Advanced PDF parser diagnostics
At a glance
Section titled “At a glance”The Artisan import path reads a Chrome-generated Portable Document Format (PDF) file and brings one page into a NextPDF document. When a difficult input breaks that import, look below PageImporter::import() to the parser classes that read the file byte by byte.
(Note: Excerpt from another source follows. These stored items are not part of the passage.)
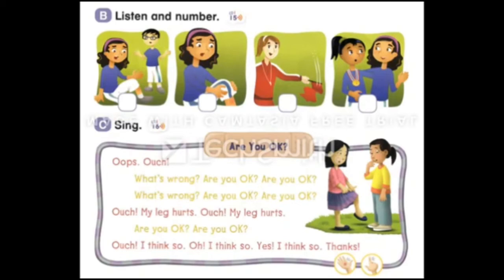1. Ready, set, go! 2. Ouch! 3. What's wrong? My leg hurts. 4. Are you okay? I think so. Thanks.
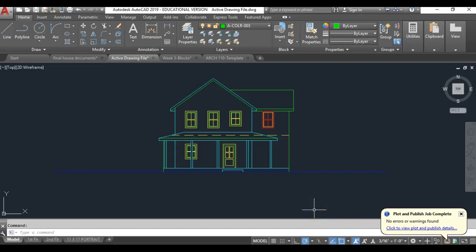Hello class, welcome to the videos about this elevation. In this one we're going to finish up most of the drawing of this elevation, doing siding and railing and those things before getting into notes and printing.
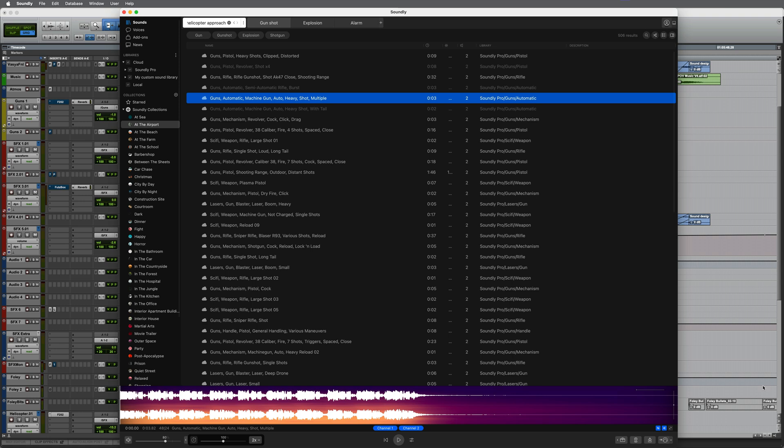Hi, it's Paul Mwanda from Production Expert. In this video I'll be using Soundly to add sound effects and some dialogue to a video sequence in Pro Tools.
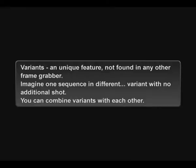Variants, a unique feature not found in any other frame grabber. Imagine one sequence in different variants with no additional shot. You can combine variants with each other.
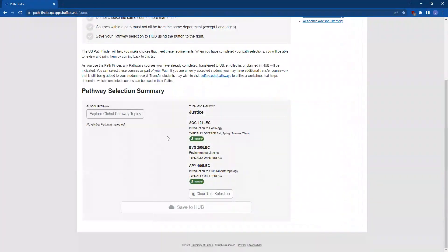Once you press this button, you'll be taken back to the My Selections tab. You'll see your thematic pathway topic and the courses that you've selected in the Pathway Selection Summary.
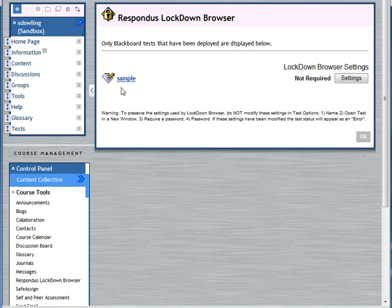I only have one test in this course. At the moment the lockdown browser is not required, so I need to switch it on. I select settings here.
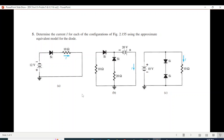So we will do the question. Question 5 and 6 solve. Question 5: Determine the current I for each of the configurations using the approximate equivalent model of the diode. There are three parts: A part, B part, and C part.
This guide covers the low-level parser surface in the NextPDF\Parser namespace: PdfReader, PdfTokenizer, CrossRefParser, StreamDecoder, ResourceCollector, RevisionExtractor, and the value objects PdfObject and RevisionXRefTable. Every symbol shown here exists in nextpdf/artisan. The guide describes the parser as it is built, not an idealized interface.
Use this guide as both explanation and how-to. It shows how the pieces fit, then walks you through inspecting an incremental-update revision. For the import boundary above this layer, see the Artisan developer guide.
When you need this
Section titled “When you need this”Use the parser surface only when the normal import path has already failed and you need to find the cause. Typical triggers include:
PageImporter::import()throwsNextPDF\Artisan\Exception\PdfParseException, and you need to know whether the cross-reference table, a stream filter, or the page tree is at fault.- A Chrome upgrade changes the output format, such as when a traditional cross-reference table becomes a cross-reference stream, or vice versa, and your fixtures stop matching.
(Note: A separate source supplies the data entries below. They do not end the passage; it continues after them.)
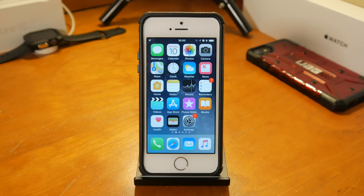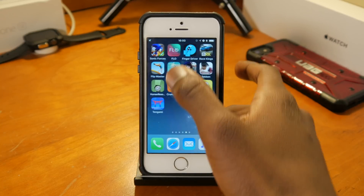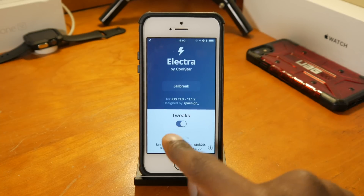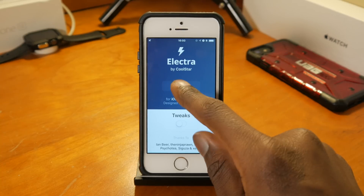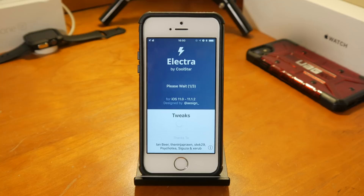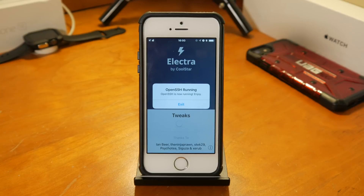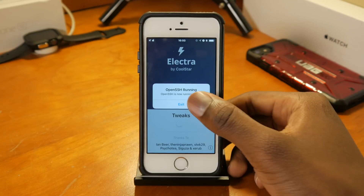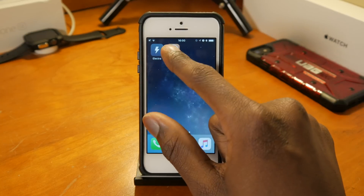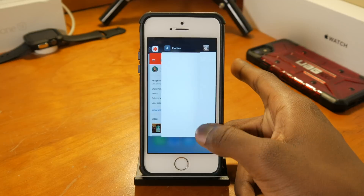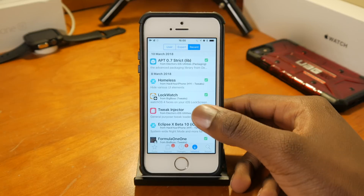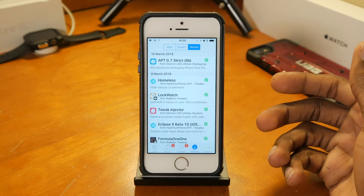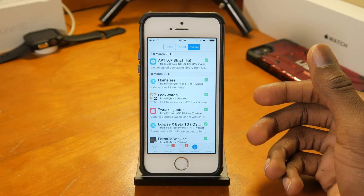Upon getting into iOS, head into the Electra app. You want to toggle the switch that says 'Tweaks' — toggle that off — and then hit the jailbreak button. Wait a few seconds and you'll be jailbroken, but without tweaks loaded. At this point you'll see OpenSSH running, and you can also SSH into your device. Now you have the ability to access Cydia and delete the bad tweaks that might be causing your device to crash or respring.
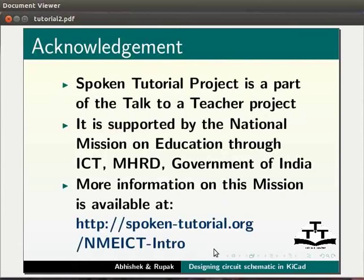The script is contributed by Abhishek and Rupak. This is Rupak Rokade from IIT Bombay signing off. Thanks for joining.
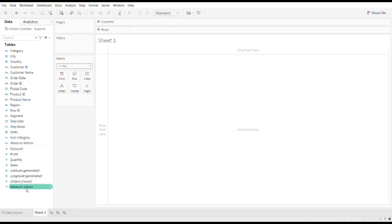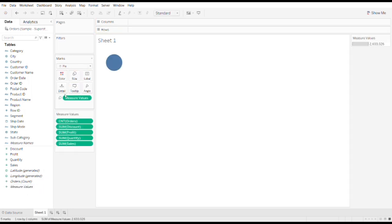I would like to put measure value as a size and measure names as a color.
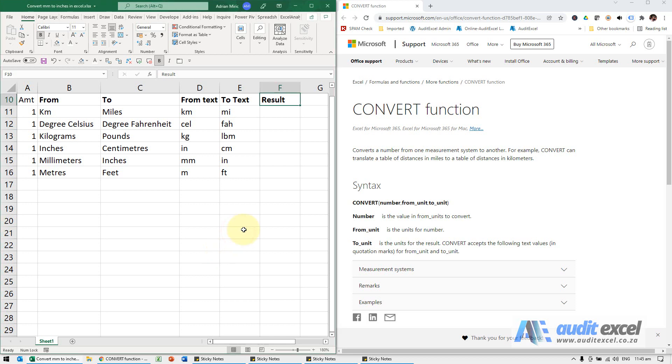Built into Excel is a very useful convert function, so it means you don't have to remember all these various conversions.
- You receive a third-party PDF that Chrome did not produce, and you want to confirm whether the parser can read it at all.
- You are analyzing an incrementally updated document and need per-revision byte ranges or object visibility.
If you are writing a normal renderer integration, you do not need this surface. The parser is an internal diagnostic tool, not a general-purpose PDF library. It does not support encrypted PDFs, linearized hint tables, or incremental updates with conflicting object redefinitions.
Parser surface
Section titled “Parser surface”The parser is a small set of single-responsibility classes. PdfReader is the entry point. The other classes are collaborators it constructs or calls.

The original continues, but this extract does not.